Note: Unlike Binafina topical Binafin pills are not effective in pityriasis versicolor.
Interaction with other drugs
Studies conducted in vitro in healthy volunteers show that terbinafine has little potential for suppressing or enhancing the clearance of most drugs that are metabolized by the participation of cytochrome P450 (eg, cyclosporine, terfenadine, tolbutamide, triazolam or oral contraceptives). In in vitro studies, however, it was found that terbinafine inhibits CYP2D6- mediated metabolism. These obtained in in vitro experiments, the data may be clinically important for those drugs that preferentially metabolized by this enzyme, such as tricyclic antidepressants, beta-blockers, selective serotonin reuptake inhibitors and monoamine oxidase inhibitors in type – in the case, if applicable simultaneously formulation has a small range of therapeutic concentrations. In patients simultaneously taking oral contraceptives Binafin and, in some cases marked irregularity of the menstrual cycle, although the incidence of these disorders remains within values ​​were observed in patients who use only oral contraceptives.
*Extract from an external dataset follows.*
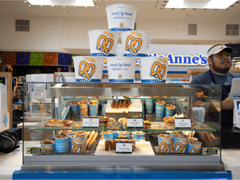Auntie Anne's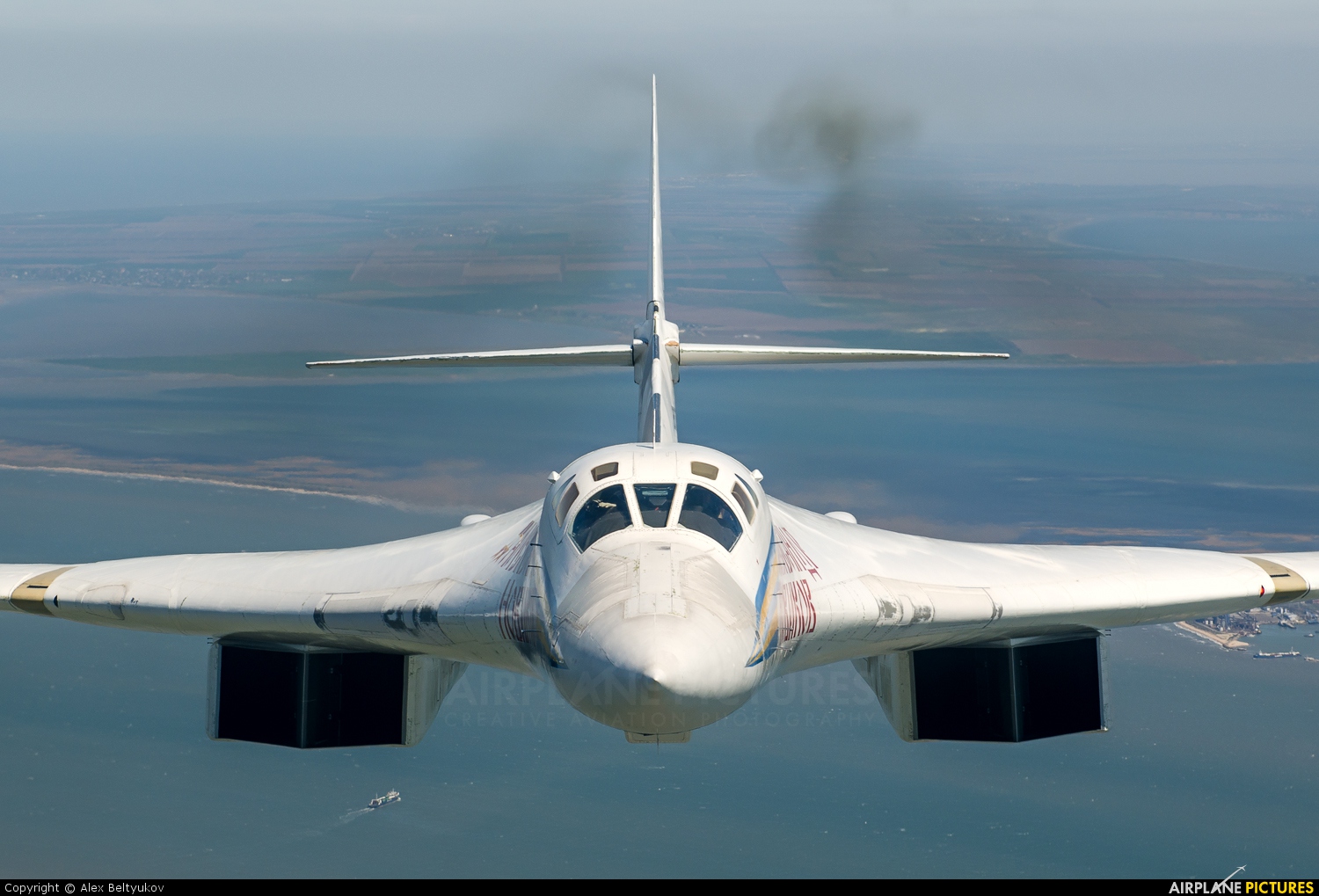 Amazing Tupolev Tu-160 Pictures & Backgrounds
On the other hand, the total clearance of terbinafine may be accelerated by drugs which accelerate metabolism (such as rafampitsin) and can slow down drugs that inhibit cytochrome P450 (such as cimetidine). In those cases where it is necessary the simultaneous use of these drugs may require doses adequate correction Binafina.
Overdose
There are reports of several cases Binafina overdose (dose taken up to 5 g), in which marked headache, nausea, epigastric pain and dizziness. Recommended treatment in case of overdose includes measures for elimination of the drug primarily by assigning activated charcoal, gastric lavage, and, if necessary, use of symptomatic maintenance therapy.
pharmachologic effect
Pharmacological group:
Antifungal agent.
Pharmacodynamics:
Terbinafine – is an allylamine, which has a broad spectrum of activity against fungi which cause diseases of the skin, hair and nails, including dermatophytes such as Trichophyton (e.g., T. rubrum, T. mentagrophytes, T. tonsurans, T. verrucosum, T. violaceum), Microsporum (e.g., .M. Canis), Epidermophyton floccosum, and yeasts genus Candida (e.g., Candida albicans) and Pityrosporum. At low concentrations of terbinafine has fungicidal activity against dermatophytes, molds and certain dimorphic fungi. Activity against yeast fungi, depending on their type, may be a fungicidal or fungistatic. Terbinafine specifically inhibits the early stage of the biosynthesis of sterols in the fungal cell. This leads to a deficiency of ergosterol and intracellular accumulation of squalene, which causes death of fungal cells. Action terbinafine accomplished by inhibition of the enzyme squalene epoxidase in the cell membrane of the fungus. This enzyme does not belong to the cytochrome P450 system. Terbinafine has no influence on the metabolism of hormones or other drugs. In appointing Binafina inside of the skin, hair and nails are the concentration of the drug, providing fungicidal action.
Pharmacokinetics:
After a single dose of terbinafine oral dose of 250 mg of the maximum plasma concentration of the drug is achieved through the 2 hour and was 0.97 g / ml. poluabsorbtsii period of 0.8 hours; and the period poluraspredeleniya – 4.6 hours. It does not require correction of the dose at the same time taking with food. Terbinafine largely bound to plasma proteins (99%), rapidly penetrates into the dermal layer of the skin, and concentrates in the lipophilic stratum corneum. Terbinafine also penetrates the sebum, which leads to the creation of high concentrations in hair follicles, hair and skin rich in sebaceous glands. It is also shown that terbinafine penetrates the nail plate within the first few weeks after initiation of therapy. Terbinafine is metabolised rapidly and to a considerable extent with the participation of a minimum of seven cytochrome P450 isoenzymes, with the main role is played isoenzymes CYP2C9, CYP1A2, CYP3A4, CYP2C8 and CYP2C19. As a result of biotransformation of metabolites formed terbinafine not possessing antifungal activity and can be output primarily with urine. Terminal half-life of the drug 17 hours. Any evidence of drug accumulation in the body is not there. There were no changes Binafina equilibrium concentration in plasma as a function of age, but in patients with impaired renal or hepatic function may be slowed drug release rate, which leads to higher concentrations of terbinafine in the blood plasma. In a single dose pharmacokinetic studies Binafina in patients with concomitant diseases of the liver has been shown possible to reduce the clearance of the drug by 50%.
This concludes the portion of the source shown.